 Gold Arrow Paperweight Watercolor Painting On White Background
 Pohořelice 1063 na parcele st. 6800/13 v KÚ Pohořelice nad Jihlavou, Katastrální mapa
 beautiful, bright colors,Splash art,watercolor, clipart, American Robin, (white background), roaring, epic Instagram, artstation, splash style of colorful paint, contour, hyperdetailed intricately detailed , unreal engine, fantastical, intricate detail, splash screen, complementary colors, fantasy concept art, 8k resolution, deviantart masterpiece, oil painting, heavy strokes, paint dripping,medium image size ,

* * *

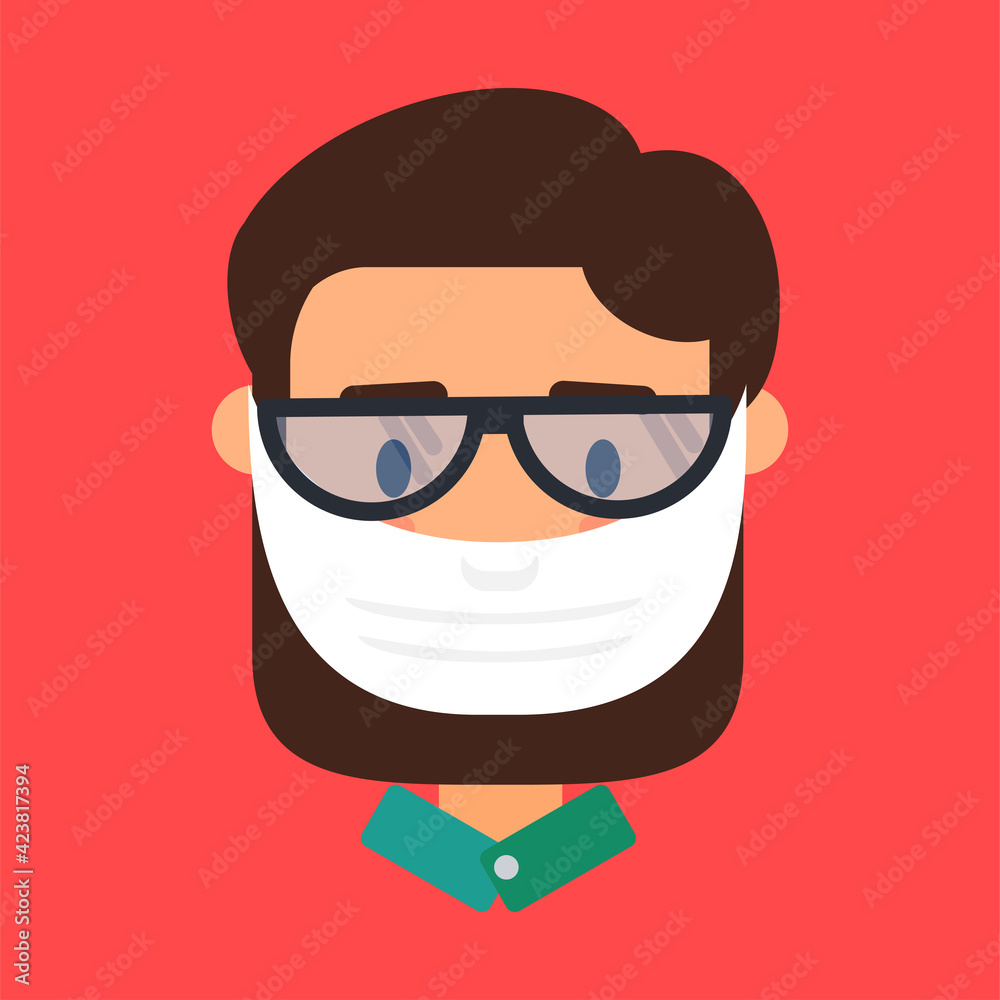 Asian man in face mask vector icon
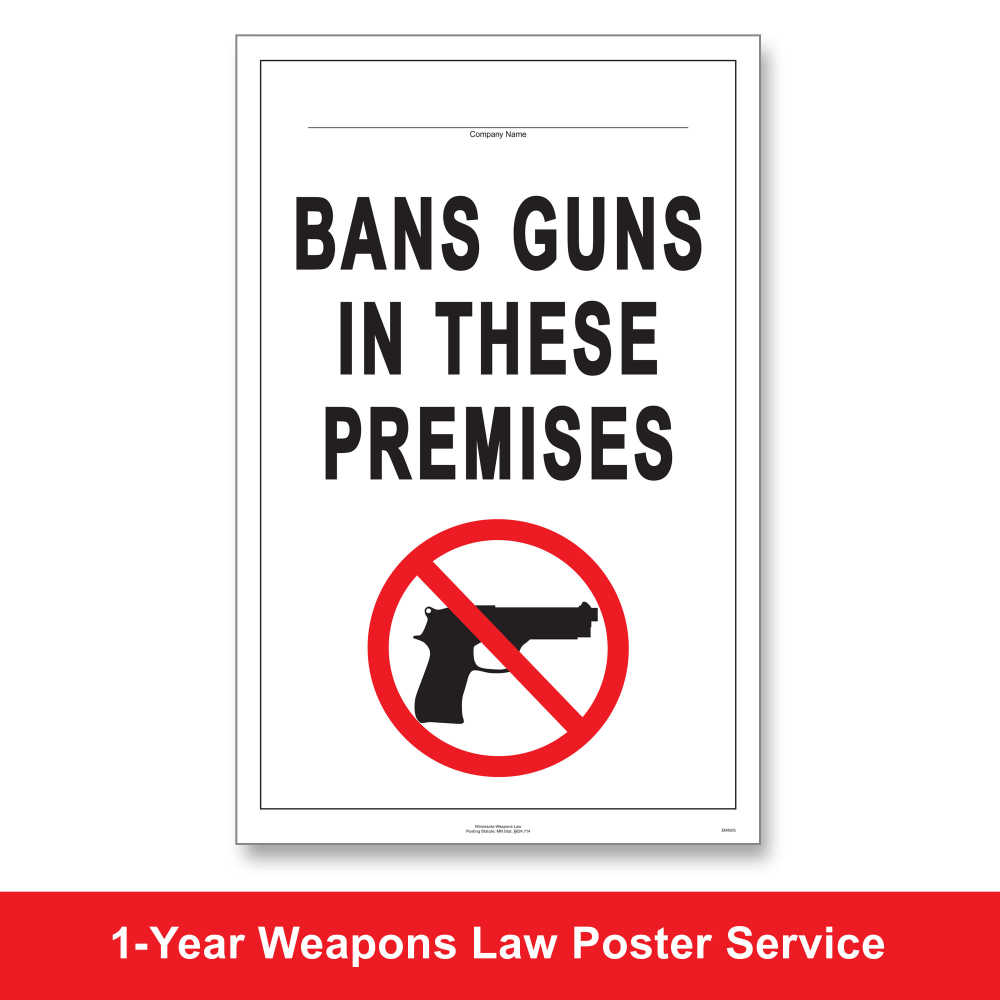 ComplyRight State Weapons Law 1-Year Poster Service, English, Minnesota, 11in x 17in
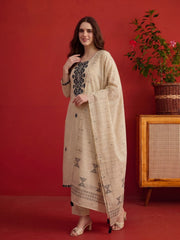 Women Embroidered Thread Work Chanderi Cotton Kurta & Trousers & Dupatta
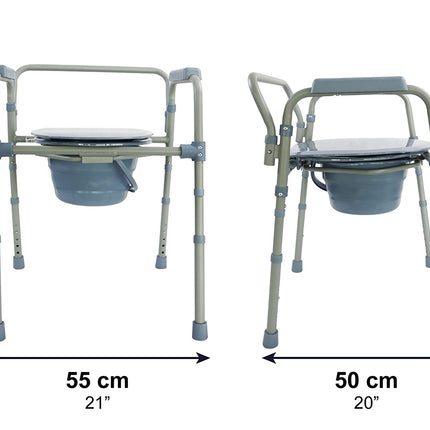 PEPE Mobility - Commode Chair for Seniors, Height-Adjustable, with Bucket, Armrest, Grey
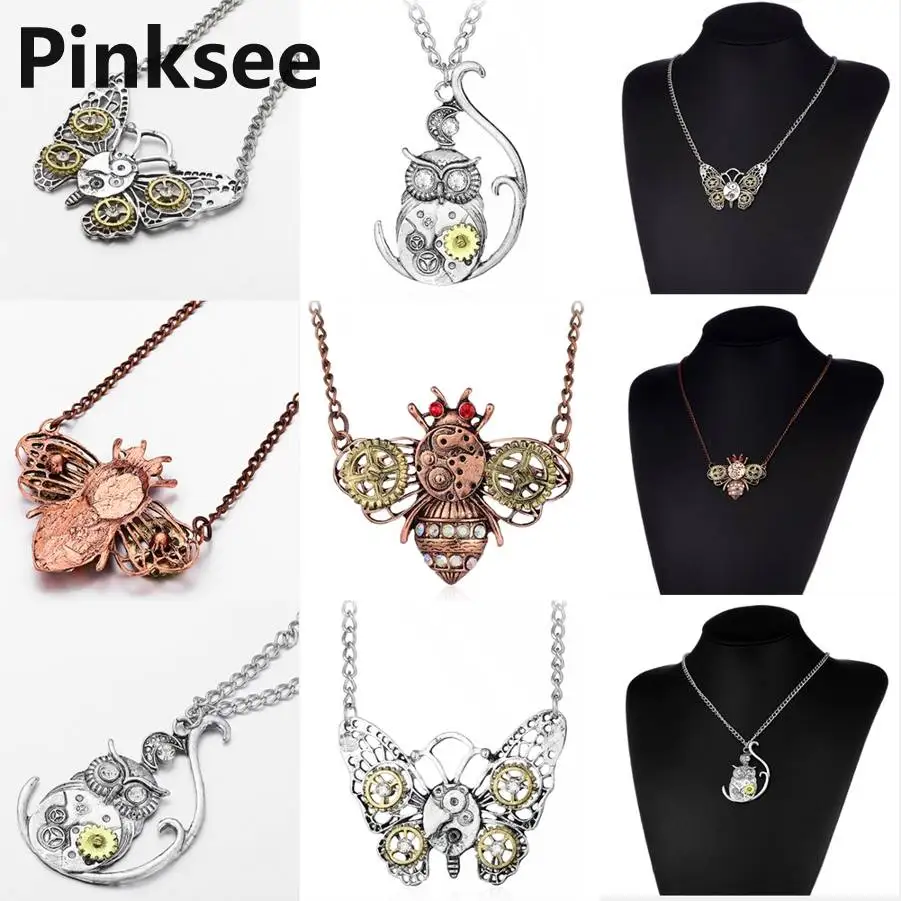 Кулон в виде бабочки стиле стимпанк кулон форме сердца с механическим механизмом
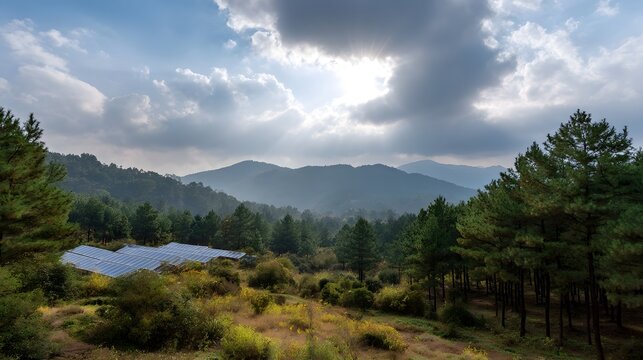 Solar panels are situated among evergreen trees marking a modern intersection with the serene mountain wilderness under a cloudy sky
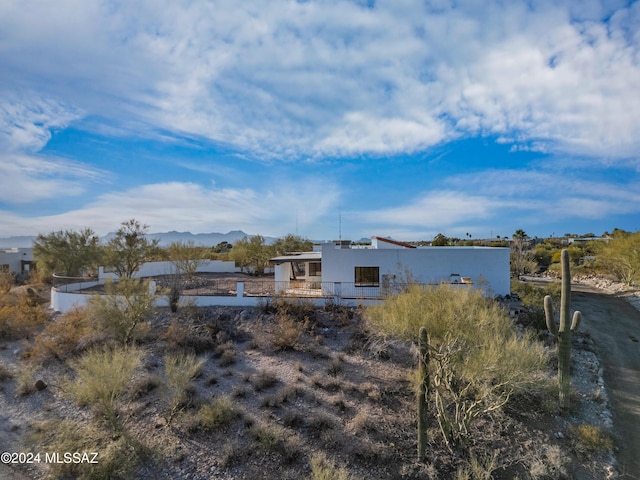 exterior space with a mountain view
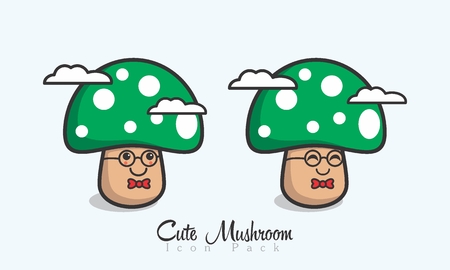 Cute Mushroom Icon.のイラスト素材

--

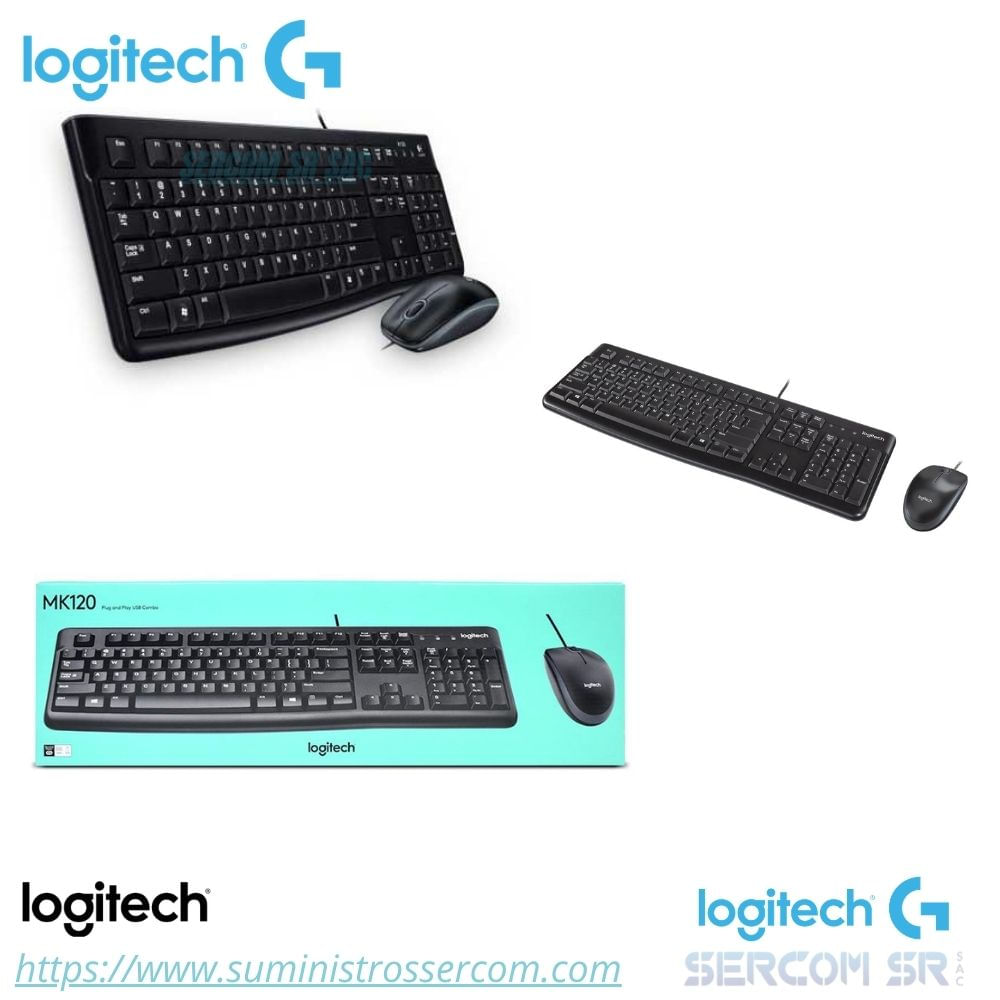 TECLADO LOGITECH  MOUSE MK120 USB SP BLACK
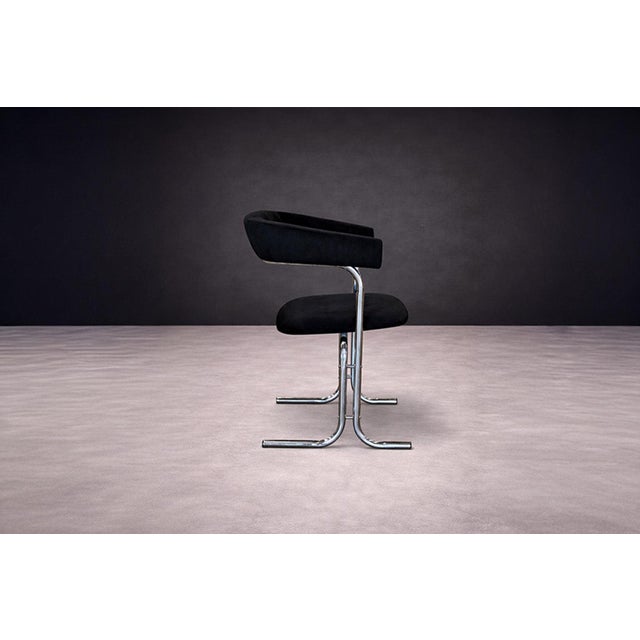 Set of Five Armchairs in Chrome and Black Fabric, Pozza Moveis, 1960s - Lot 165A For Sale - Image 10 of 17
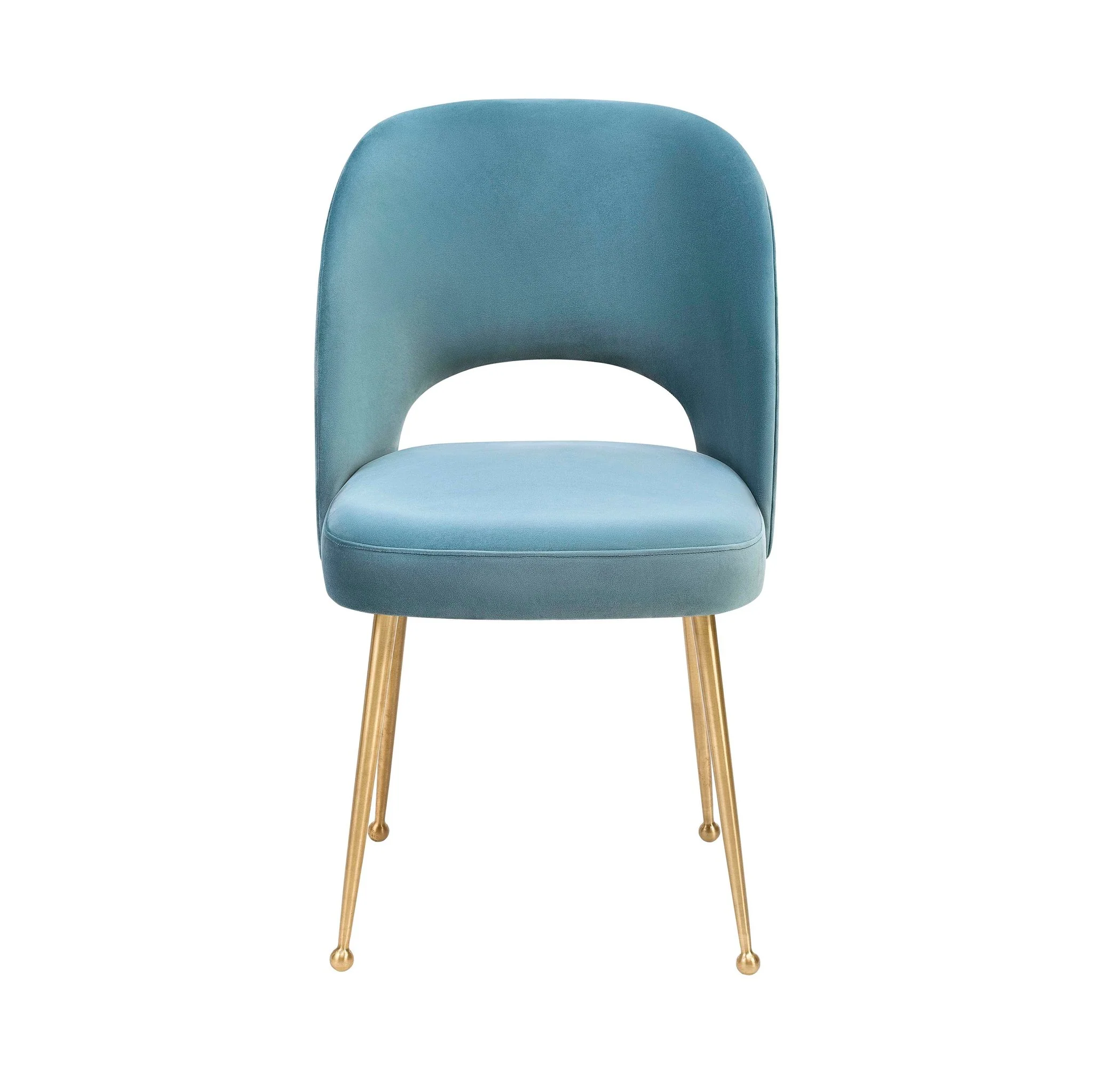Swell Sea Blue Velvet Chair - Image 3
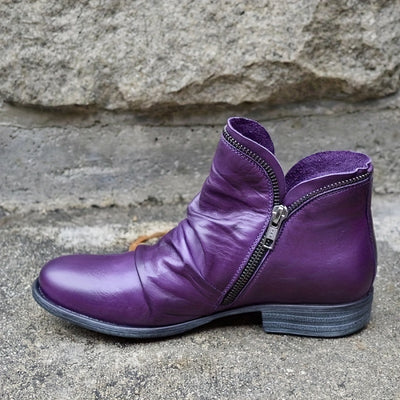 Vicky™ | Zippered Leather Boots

** Task **
Return exactly the lines of the material above, starting at the line containing "Кулон в виде" and finishing at the line containing "Cute Mushroom Icon.のイラスト素材", without any pictures.

** Completed task **
 Кулон в виде бабочки стиле стимпанк кулон форме сердца с механическим механизмом
 Solar panels are situated among evergreen trees marking a modern intersection with the serene mountain wilderness under a cloudy sky
 exterior space with a mountain view
 Cute Mushroom Icon.のイラスト素材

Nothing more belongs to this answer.